BEGIN Records for the exercise

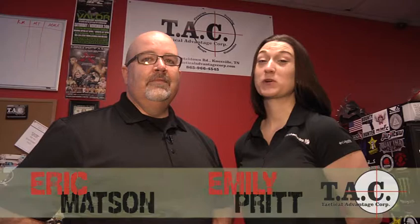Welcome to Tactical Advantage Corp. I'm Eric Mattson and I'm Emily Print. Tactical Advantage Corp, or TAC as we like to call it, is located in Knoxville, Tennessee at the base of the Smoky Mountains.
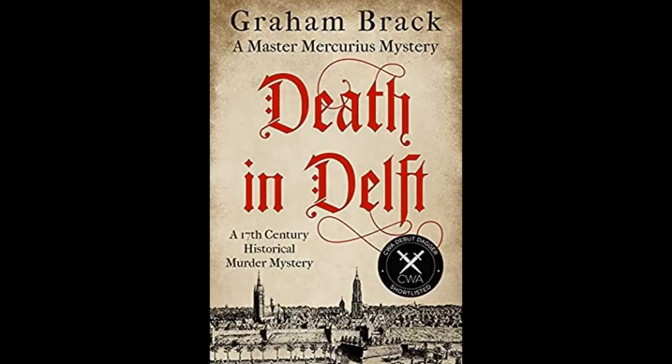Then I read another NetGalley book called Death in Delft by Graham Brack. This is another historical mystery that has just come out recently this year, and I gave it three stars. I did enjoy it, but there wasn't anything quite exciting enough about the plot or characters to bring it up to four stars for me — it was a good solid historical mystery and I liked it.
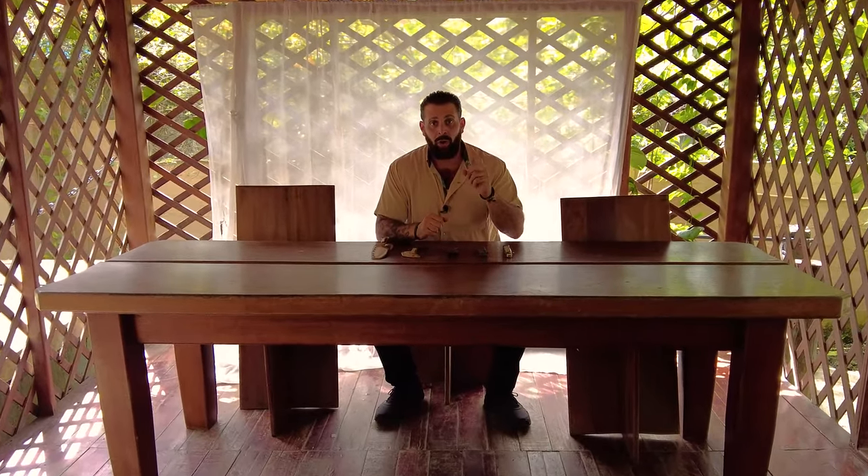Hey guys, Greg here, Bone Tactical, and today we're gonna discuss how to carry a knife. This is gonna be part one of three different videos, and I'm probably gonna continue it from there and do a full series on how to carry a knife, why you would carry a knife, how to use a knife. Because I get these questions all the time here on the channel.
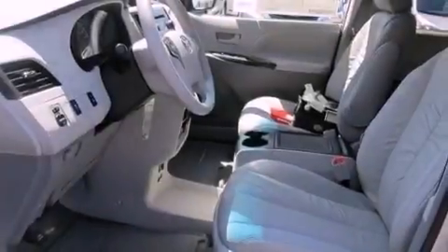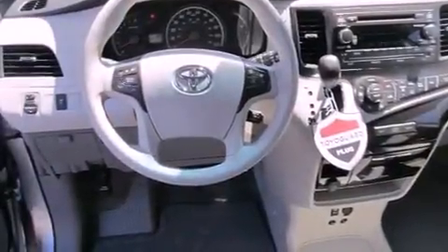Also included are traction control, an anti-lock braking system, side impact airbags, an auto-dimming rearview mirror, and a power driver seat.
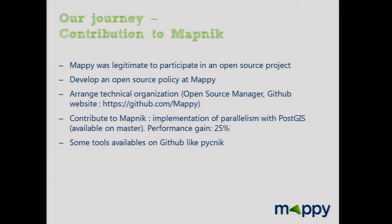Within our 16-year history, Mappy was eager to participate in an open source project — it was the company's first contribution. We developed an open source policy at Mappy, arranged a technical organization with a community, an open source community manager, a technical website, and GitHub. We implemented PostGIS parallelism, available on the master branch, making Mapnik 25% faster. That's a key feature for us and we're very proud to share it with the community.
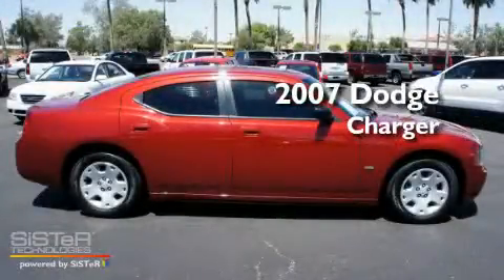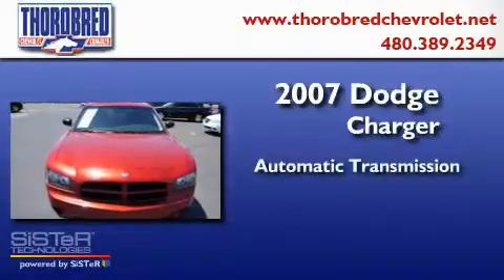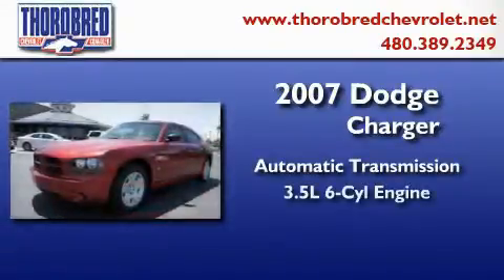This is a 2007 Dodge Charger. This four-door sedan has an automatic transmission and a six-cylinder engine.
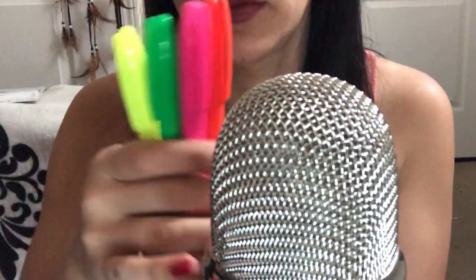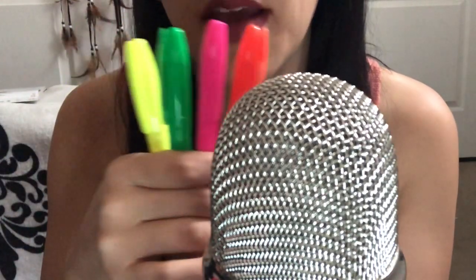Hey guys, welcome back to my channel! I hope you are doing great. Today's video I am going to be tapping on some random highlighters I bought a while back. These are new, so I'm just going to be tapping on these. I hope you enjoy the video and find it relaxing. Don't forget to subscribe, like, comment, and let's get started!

END Records for the exercise

Problem statement
Using the data above, give again exactly the lines starting at the one holding "Then I read" and ending at the one holding "Also included are", inclusive, and nothing more. Omit the pictures.

Response below
Then I read another NetGalley book called Death in Delft by Graham Brack. This is another historical mystery that has just come out recently this year, and I gave it three stars. I did enjoy it, but there wasn't anything quite exciting enough about the plot or characters to bring it up to four stars for me — it was a good solid historical mystery and I liked it.
Hey guys, Greg here, Bone Tactical, and today we're gonna discuss how to carry a knife. This is gonna be part one of three different videos, and I'm probably gonna continue it from there and do a full series on how to carry a knife, why you would carry a knife, how to use a knife. Because I get these questions all the time here on the channel.
Also included are traction control, an anti-lock braking system, side impact airbags, an auto-dimming rearview mirror, and a power driver seat.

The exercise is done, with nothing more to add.